(Collected data)

..............................

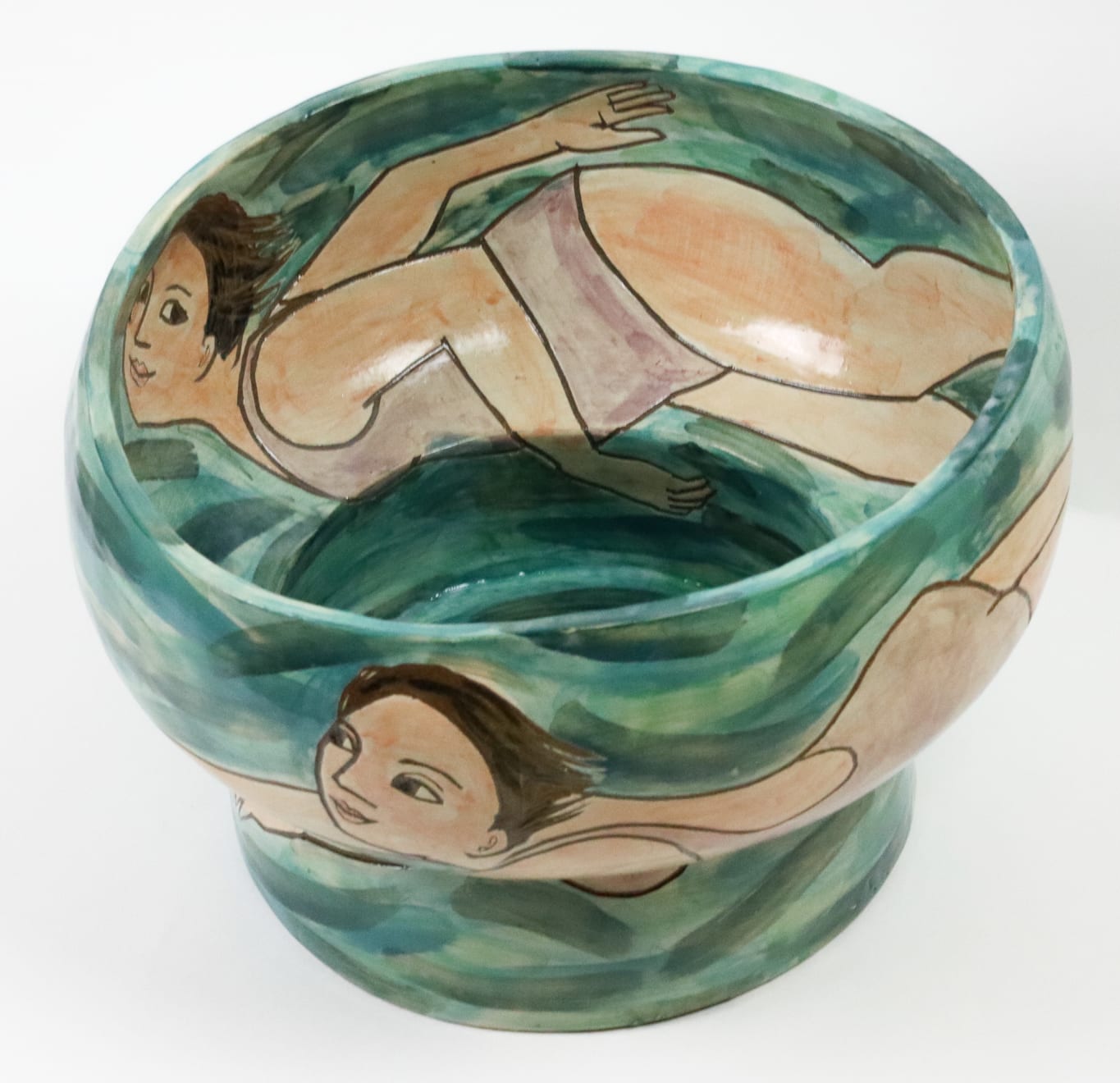 Anita Klein, Swimming with Ducks, 2025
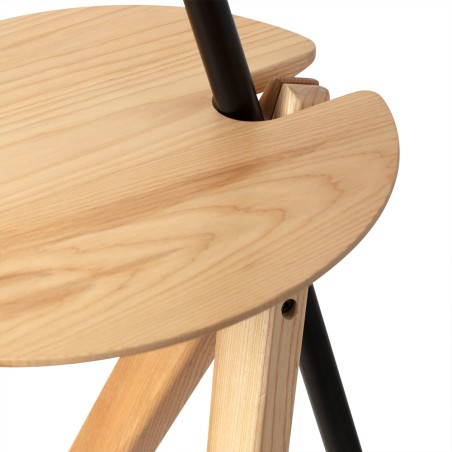 Lampadaire sur trépied Treewood Tray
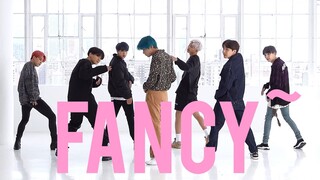 BTS防弹跳TWICE的FANCY 练习室完整版！竟能踩点地这么完美！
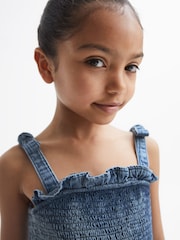 بذلة لعب دنيم Hattie من Reiss - صورة 4 من 8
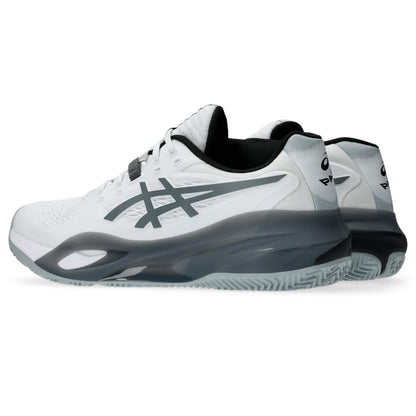 ASICS Men's Gel-Resolution X Padel Tennis Shoes, White/Steel Grey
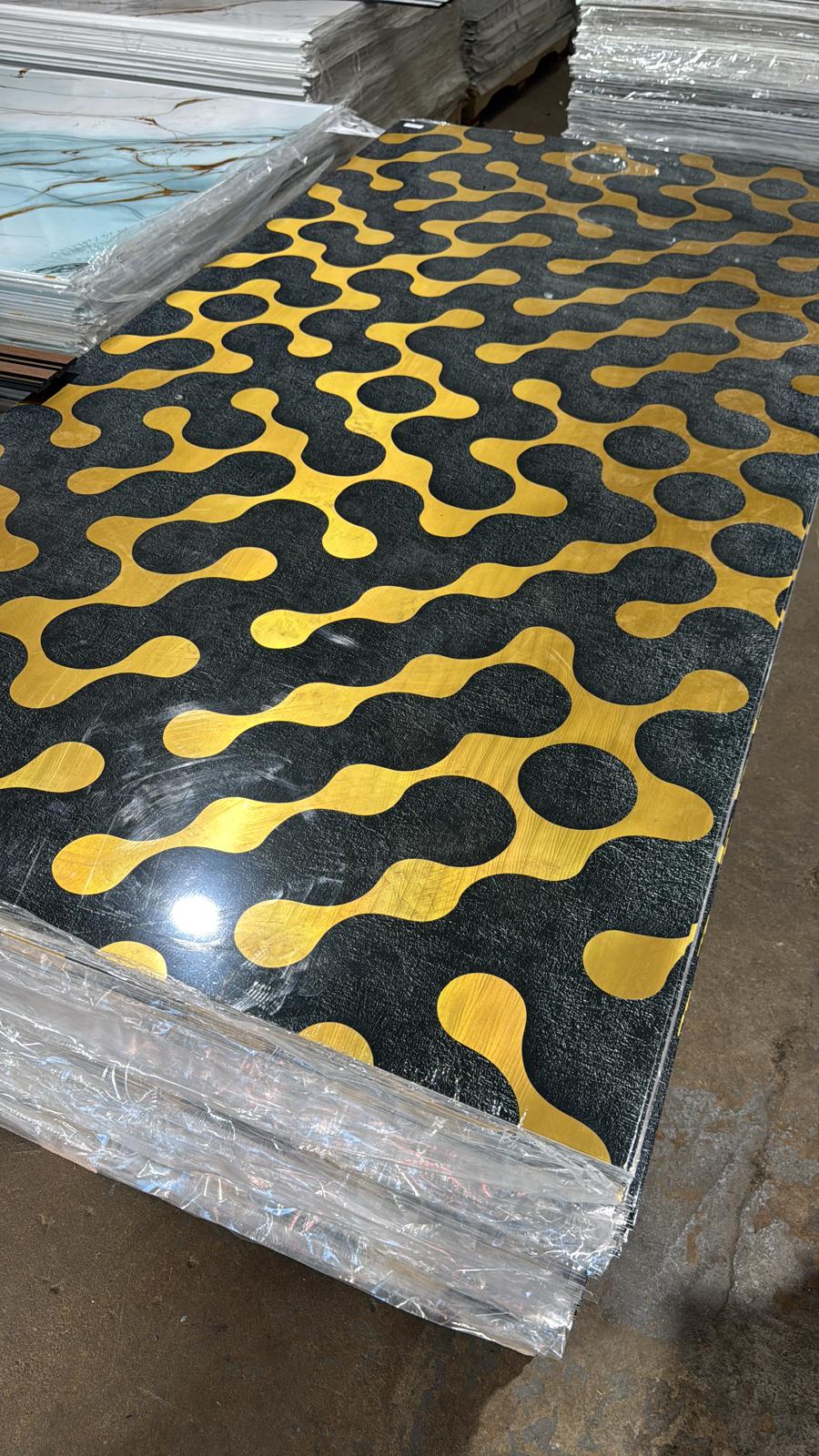 3D Gold Exclusive   Marble Look PVC Wall Panel – 4x8 ft UV Coated, Waterproof & Fire Rated (32 sq. ft) (Copy) (Copy) (Copy)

..............................

→ Exercise:
Your task is to transcribe exactly the lines from the one containing "بذلة لعب دنيم Hattie من Reiss - صورة 4 من 8" through the final line of the entries above, pictures excluded.

→ Your solution:
 بذلة لعب دنيم Hattie من Reiss - صورة 4 من 8
 ASICS Men's Gel-Resolution X Padel Tennis Shoes, White/Steel Grey
 3D Gold Exclusive   Marble Look PVC Wall Panel – 4x8 ft UV Coated, Waterproof & Fire Rated (32 sq. ft) (Copy) (Copy) (Copy)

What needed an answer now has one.